5 in Pan Car Stock Oval
4 in Pan Car Stock (RC)
3 in Truck/Buggy Open
3 in Mini Late Model Open
2 in Mini Slider Open
3 in Rally Car Open
3 in Micro Touring Super Stock
1 in Micro Touring Open and
1 in 1/14th Scale

So for all of you interested in racing this coming weekend could you please get in touch with me and let me know you're coming. It will help tremendously in us getting the race set up early. E-mail me at [email protected] or call 419-471-1108 :wave:

Thanks,

Pat Falgout
Track Director

Hobby Stop West Raceway
3725 Williston Road
Northwood, OH 43619
419-471-1108
[email protected]


----------



## BudBartos (Jan 1, 1970)

Pat >> It went out last Monday ??? I'm in for 2wd stock oval 2wd open oval and 2wd stock road.


----------



## Hangtime (Jan 2, 2007)

Pat - I'm going to add rally car open. I'll call with my info. Looks like a nice crowd for the first year. Thanks for the run down.

Rick


----------



## BudBartos (Jan 1, 1970)

Pat >> Did My entry show up today? Nothing came back here yet


----------



## BudBartos (Jan 1, 1970)

Here are My rides for the GLC all BRP SC18V2M's of course :thumbsup:


----------



## Hangtime (Jan 2, 2007)

Hey Bud, Nice use of GREEN, plus i like the GREEN!

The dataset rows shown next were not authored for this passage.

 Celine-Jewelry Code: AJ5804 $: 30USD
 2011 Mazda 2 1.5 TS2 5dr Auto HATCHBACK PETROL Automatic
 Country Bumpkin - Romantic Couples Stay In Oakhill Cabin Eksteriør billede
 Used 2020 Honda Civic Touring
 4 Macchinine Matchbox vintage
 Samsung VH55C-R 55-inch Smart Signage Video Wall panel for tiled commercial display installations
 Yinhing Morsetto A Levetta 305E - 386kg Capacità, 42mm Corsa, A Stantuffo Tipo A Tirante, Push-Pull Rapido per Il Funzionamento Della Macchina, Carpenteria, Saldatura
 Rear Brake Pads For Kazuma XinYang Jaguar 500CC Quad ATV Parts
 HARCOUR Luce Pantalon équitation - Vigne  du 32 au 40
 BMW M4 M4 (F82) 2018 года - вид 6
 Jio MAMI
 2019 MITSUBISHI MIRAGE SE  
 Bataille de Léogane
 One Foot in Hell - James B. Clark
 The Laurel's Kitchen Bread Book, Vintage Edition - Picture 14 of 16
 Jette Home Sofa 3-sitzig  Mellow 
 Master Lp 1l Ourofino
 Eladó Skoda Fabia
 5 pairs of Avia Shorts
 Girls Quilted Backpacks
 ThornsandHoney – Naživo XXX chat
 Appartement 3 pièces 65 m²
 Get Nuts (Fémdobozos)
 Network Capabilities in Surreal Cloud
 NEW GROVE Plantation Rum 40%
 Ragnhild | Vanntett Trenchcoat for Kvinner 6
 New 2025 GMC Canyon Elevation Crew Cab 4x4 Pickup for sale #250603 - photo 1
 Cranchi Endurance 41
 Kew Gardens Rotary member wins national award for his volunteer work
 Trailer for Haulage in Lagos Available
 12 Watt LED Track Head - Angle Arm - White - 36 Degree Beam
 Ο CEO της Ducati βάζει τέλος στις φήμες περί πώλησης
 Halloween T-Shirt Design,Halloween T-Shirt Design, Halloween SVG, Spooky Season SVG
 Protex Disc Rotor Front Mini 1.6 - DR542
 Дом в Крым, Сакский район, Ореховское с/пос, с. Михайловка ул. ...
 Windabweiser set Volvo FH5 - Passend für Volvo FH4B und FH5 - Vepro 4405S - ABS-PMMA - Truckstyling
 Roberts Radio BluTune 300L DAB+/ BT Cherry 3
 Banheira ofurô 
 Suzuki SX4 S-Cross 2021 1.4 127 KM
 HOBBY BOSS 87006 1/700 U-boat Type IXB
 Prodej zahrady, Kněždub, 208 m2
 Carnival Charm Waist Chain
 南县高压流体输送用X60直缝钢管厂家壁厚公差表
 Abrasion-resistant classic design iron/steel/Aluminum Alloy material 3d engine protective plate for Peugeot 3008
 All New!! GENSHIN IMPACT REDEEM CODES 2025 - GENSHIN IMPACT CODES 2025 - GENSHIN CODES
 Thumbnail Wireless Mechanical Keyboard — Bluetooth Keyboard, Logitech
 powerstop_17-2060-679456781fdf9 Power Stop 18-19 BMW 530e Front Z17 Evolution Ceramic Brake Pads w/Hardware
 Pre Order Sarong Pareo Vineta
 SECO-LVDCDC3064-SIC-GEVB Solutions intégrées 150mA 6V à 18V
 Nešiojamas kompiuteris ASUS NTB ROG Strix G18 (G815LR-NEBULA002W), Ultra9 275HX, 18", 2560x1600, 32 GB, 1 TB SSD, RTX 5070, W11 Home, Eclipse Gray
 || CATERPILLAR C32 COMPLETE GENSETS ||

Pat picked up another 10 entries today. Don't wait till the last minute.


----------



## BudBartos (Jan 1, 1970)

BudBartos said:


> Here are My rides for the GLC all BRP SC18V2M's of course :thumbsup:


Move in on up !!


----------



## sg1 (Apr 2, 2003)

I wish I had that much time to build cars..... Mine isn't built and I need to paint a body and assemble batteries....


----------



## BudBartos (Jan 1, 1970)

Road car on right is all new :thumbsup:


----------



## Micro_Racer (Mar 27, 2002)

BudBartos said:


> Road car on right is all new :thumbsup:


I'll be sure to step on that one :tongue:

I guess I will paint up a wedge body for Oval 

Pat - sign me up for stock pan car -road. I will pay you on Saturday.
Thanks:thumbsup:


----------



## sg1 (Apr 2, 2003)

Pat, PM!!
-Wayne


----------



## BudBartos (Jan 1, 1970)

Micro_Racer said:


> I'll be sure to step on that one :tongue:
> 
> I guess I will paint up a wedge body for Oval
> 
> ...


 Thats why I have that roll over antenna nobody better fall on that car, ouch !!!!


----------



## rcwebs (Sep 22, 2007)

*Rollcall Update!!!!!!!!!!!!!!!!!!!!!!!!!*

We'll were getting better results on entries for the race. This is the class update so far.

Micro Touring Stock 1
Micro Touring Super Stock 4
Micro Touring Open 2
Pan Car Stock (RC) 10
Pan Car Open (RC) 2
Rally Car Open 4
1/14 Scale Open 2
Mini Slider Open 3
Mini Late Model Open 3
Truck/Buggy Open 5
Pan Car Stock Oval 9
Pan Car Open Oval 1

There's still time to fill out those classes, so get your entries to me asap! Call, email, fax, or PM with your information and let me know you're coming.

Thanks,

Pat Falgout
Track Director

Hobby Stop West Raceway
3725 Williston Road
Northwood, OH 43619
419-471-1108
FAX 419-471-0669
[email protected]


----------



## TangTester (Oct 7, 2001)

Pat, PM sent


----------



## Micro_Racer (Mar 27, 2002)

Pan car stock oval - looks like a good field! should be fun!


----------



## BudBartos (Jan 1, 1970)

Pat >> entry came back I will bring it Sat


----------



## one18thscalerac (Sep 24, 2006)

pat did you get my email? 1 entry slider open can i pay sat thanks herbie lee


----------



## Micro_Racer (Mar 27, 2002)

BRP Wedge body all ready for action! See you'll tomorrow!



:thumbsup:


----------



## K-5 CAPER (Sep 30, 2006)

Micro>>> you have been banging out alot of good paint work lately!!


----------



## BudBartos (Jan 1, 1970)

Pat >> If You see this how many total entries did You get for each day. Should We bring tables?


----------



## Hangtime (Jan 2, 2007)

K-5 CAPER said:


> Micro>>> you have been banging out alot of good paint work lately!!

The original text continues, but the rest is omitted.